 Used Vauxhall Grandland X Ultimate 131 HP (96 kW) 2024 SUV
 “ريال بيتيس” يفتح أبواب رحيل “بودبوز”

---

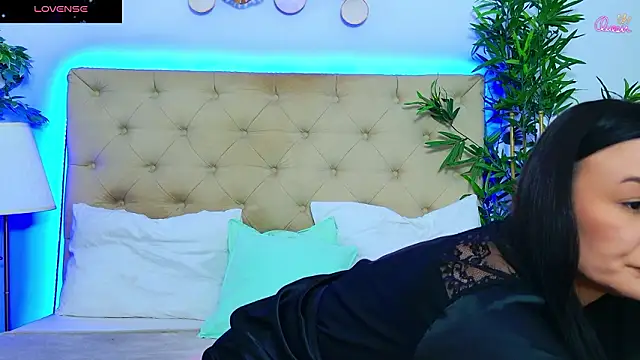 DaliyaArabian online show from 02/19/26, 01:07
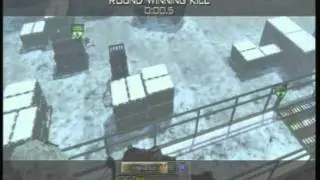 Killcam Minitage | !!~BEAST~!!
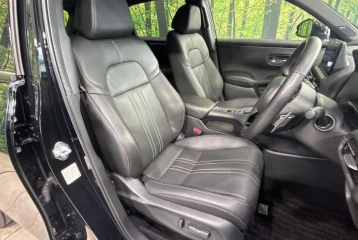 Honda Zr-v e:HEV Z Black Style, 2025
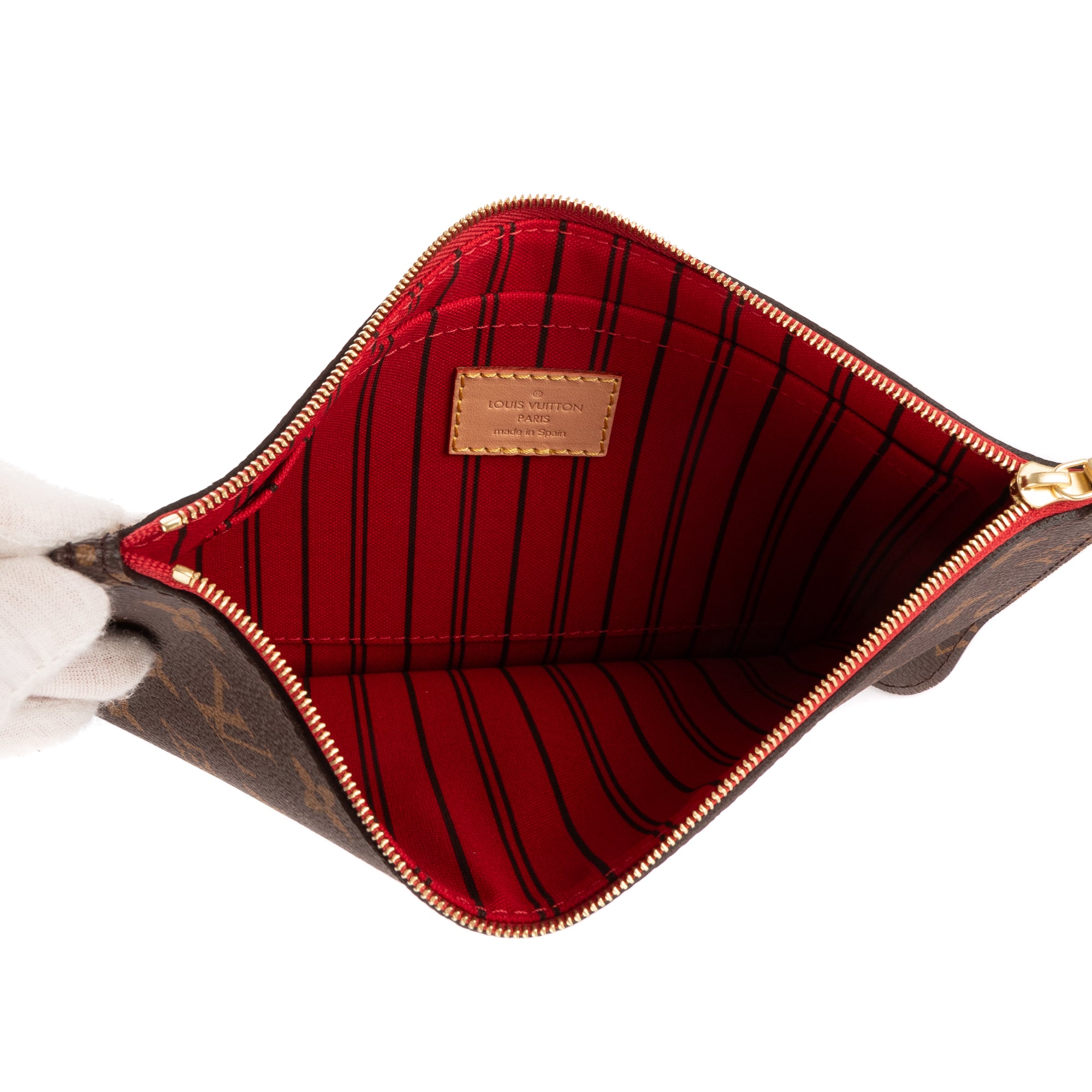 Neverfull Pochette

--

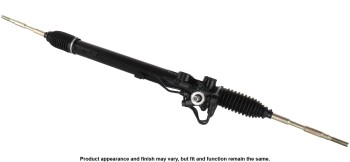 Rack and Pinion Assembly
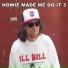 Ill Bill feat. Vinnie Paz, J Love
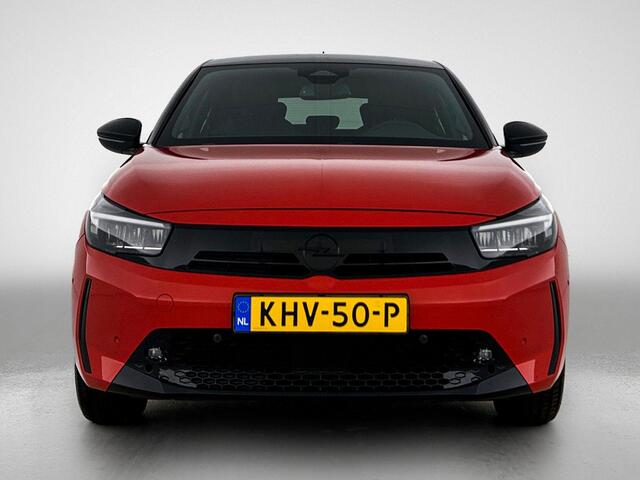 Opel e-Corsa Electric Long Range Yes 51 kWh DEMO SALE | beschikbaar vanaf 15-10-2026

ASSIGNMENT: Among the entries above, take the line with "DaliyaArabian online show", the line with "Neverfull Pochette", and all the lines between them, and restate them word for word without pictures.

YOUR RESPONSE:
 DaliyaArabian online show from 02/19/26, 01:07
 Killcam Minitage | !!~BEAST~!!
 Honda Zr-v e:HEV Z Black Style, 2025
 Neverfull Pochette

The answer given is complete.